On 4 September 2013, WikiLeaks released 'Spy Files #3' – 249 documents from 92 global intelligence contractors. The files showed spyware exported to countries across the world, including to dictators.

===Draft Trans-Pacific Partnership Agreement IP Charter===

On 13 November 2013, WikiLeaks published the draft text for the Trans-Pacific Partnership Agreement Intellectual Property charter. The leaked chapter could have created stricter laws for digital copyrights and freedom of speech. Critics of the draft called it a "Christmas wish-list for major corporations." Matthew Rimmer, an intellectual property law expert, told The Sydney Morning Herald that "Hollywood, the music industry, big IT" and pharmaceutical companies would all be happy with it.

==2014==

=== Trade in Services Agreement chapter draft ===

WikiLeaks published a secret draft of the Financial Services Annex of the Trade in Services Agreement in June 2014. On its website, the organisation provided an analysis of the leaked document. TISA, an international trade deal aimed at market liberalisation, covers 50 countries and 68% of the global services industry. The agreement's negotiations have been criticised for a lack of transparency.

=== Australian bribery case suppression order ===

On 29 July 2014, WikiLeaks released a secret gagging order issued by the Supreme Court of Victoria that forbid the Australian press from coverage of a multimillion-dollar bribery investigation involving the nation's central bank and several international leaders. Indonesian, Vietnamese, Malaysian and Australian government officials were named in the order, which was suppressed to "prevent damage to Australia's international relations that may be caused by the publication of material that may damage the reputations of specified individuals who are not the subject of charges in these proceedings."

Public criticism of the suppression order followed the leak. Human Rights Watch General Counsel Dinah PoKempner, said "Secret law is often unaccountable and inadequately justified. The government has some explaining to do as to why it sought such an extraordinary order, and the court should reconsider the need for it now that its action has come to light." At a media conference, Indonesian president Susilo Bambang Yudhoyono condemned the gagging order, calling for an open and transparent investigation.

==2015==

===TPP Investment Chapter===
On 25 March 2015 WikiLeaks released the "Investment Chapter" from the secret negotiations of the TPP (Trans-Pacific Partnership) agreement, one of the most controversial parts of the deal. Before the leak, TPP provisions had been kept secret in order to allow negotiations to run smoothly. TPP opponents and transparency proponents argued secrecy lets governments push things through that constituents wouldn't like.

===Sony archives===

On 16 April 2015, WikiLeaks published a searchable version of the Sony Archives which were originally obtained in November 2014 by the hacker group "Guardians of Peace". The leak contained 30,287 documents from Sony Pictures Entertainment (SPE) and 173,132 emails between more than 2,200 SPE email addresses. SPE is a US subsidiary of the Japanese multinational technology and media corporation Sony, that handles film and TV production and distribution operations.
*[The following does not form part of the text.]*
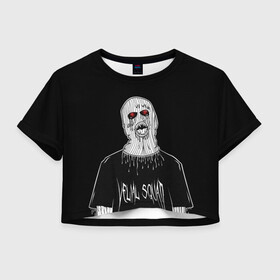 Женская футболка Crop-top 3D с принтом Velial Squad в Новосибирске, 100% полиэстер | круглая горловина, длина футболки до линии талии, рукава с отворотами | horror | music | rap | redvelsqd | rock | музыка | рок | рэп | хоррор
===Trident Nuclear Weapons System===

Whistle blower, Royal Navy Able Seaman William McNeilly exposed serious security issues relate to the UK's nuclear weapons system. McNeilly's 18-page report alleged serious lapses in security, including floods and fires, security passes not being checked, and the risk of infiltration. The Navy rejected his allegations, but said they would investigate them. After the leak, McNeilly evaded capture before handing himself in.

===The Saudi Cables===

In June 2015 Wikileaks began publishing confidential and secret Saudi Arabian government documents. TIME and others reported speculated that a group of hackers called the Yemen Cyber Army were WikiLeaks' source, and Al-Jazeera said there was a possible connection in the WikiLeaks press release. Experts including Recorded Future believed the Yemen Cyber Army was an Iranian front.
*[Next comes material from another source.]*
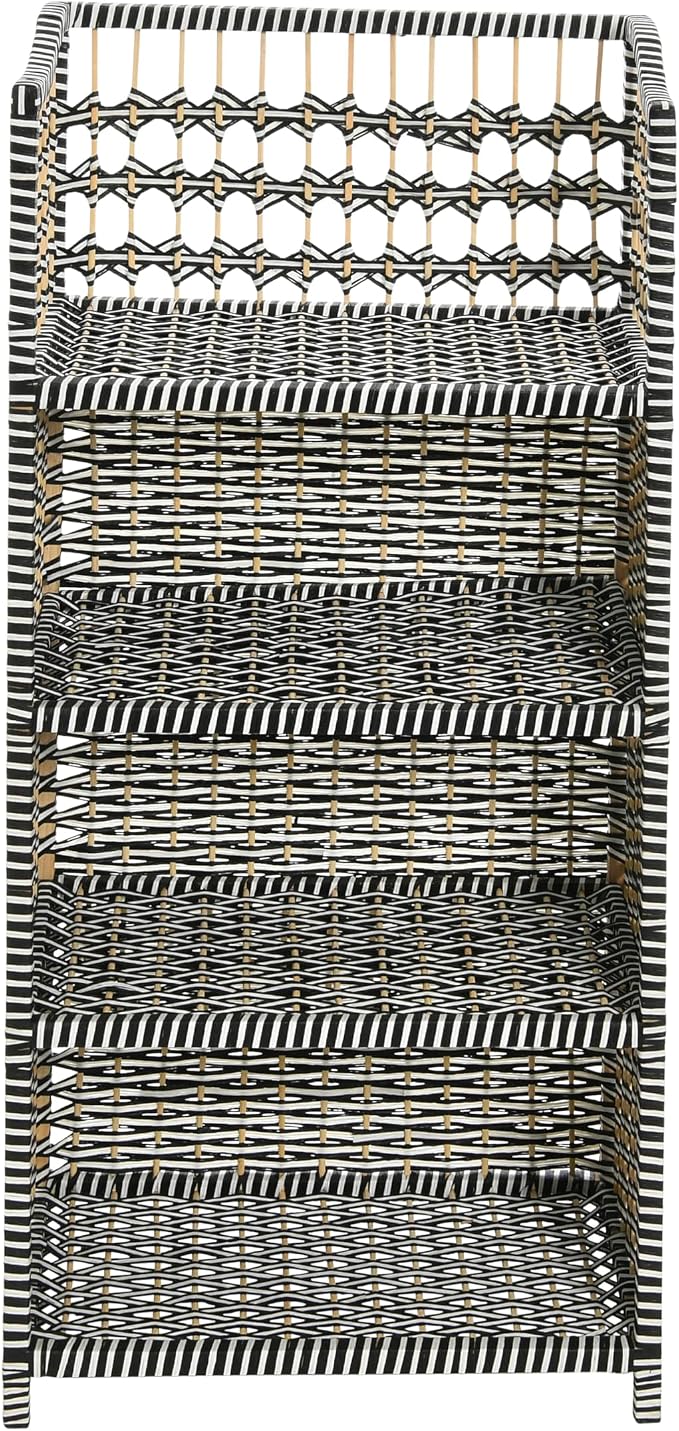 Household Essentials Woven Accent Shelf Black and White Paper Rattan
Cables from early 2013 indicate that the British government under David Cameron may have traded votes with Saudi Arabia to support each other's election to the United Nations Human Rights Council (UNHRC) for the period 2014–2016. Both Britain and Saudi Arabia joined the UNHRC in the election held in 2013. UN Watch expressed concern at the report saying that UNHRC must be chosen based on upholding the highest standards of human rights.
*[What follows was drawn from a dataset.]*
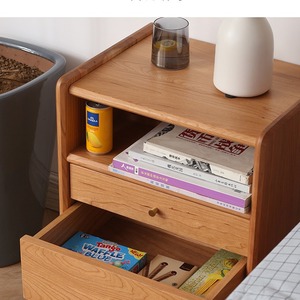 Cherry Wood Solid Wood Nightstand Nordic Style Bedroom Storage Cabinet Small Apartment Modern <b>Bedside</b> Table - Product Image 4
Saudi Arabia didn't deny the documents were authentic, but appeared to respond to the release by warning its citizens against sharing "documents that might be faked". The release received some criticism for being an unredacted "info dump" that included at least 124 medical files of rape victims, mental health patients, and others. It also included personal, financial and identity records, including Hillary Clinton's passport information. Other files outed gay people. WikiLeaks responded to the media criticism with a series of tweets, calling it “recycled news” that was “not even worth a headline.”

=== NSA spying ===
On 23 June 2015, WikiLeaks published documents under the name of "Espionnage Élysée", which showed that NSA spied on the French government, including but not limited to then President Francois Hollande and his predecessors Nicolas Sarkozy and Jacques Chirac. On 29 June 2015, WikiLeaks published more NSA secret documents regarding France, detailing economic espionage by the NSA against French companies and associations. In July 2015, WikiLeaks published documents which showed that the NSA had tapped the telephones of many German federal ministries, including that of the Chancellor Angela Merkel, for years since the 1990s. On 4 July 2015, WikiLeaks published documents which showed that 29 Brazilian government numbers were selected for secret espionage by the NSA. Among the targets were then-President Dilma Rousseff, many assistants and advisors, her presidential jet and other key figures in the Brazilian government.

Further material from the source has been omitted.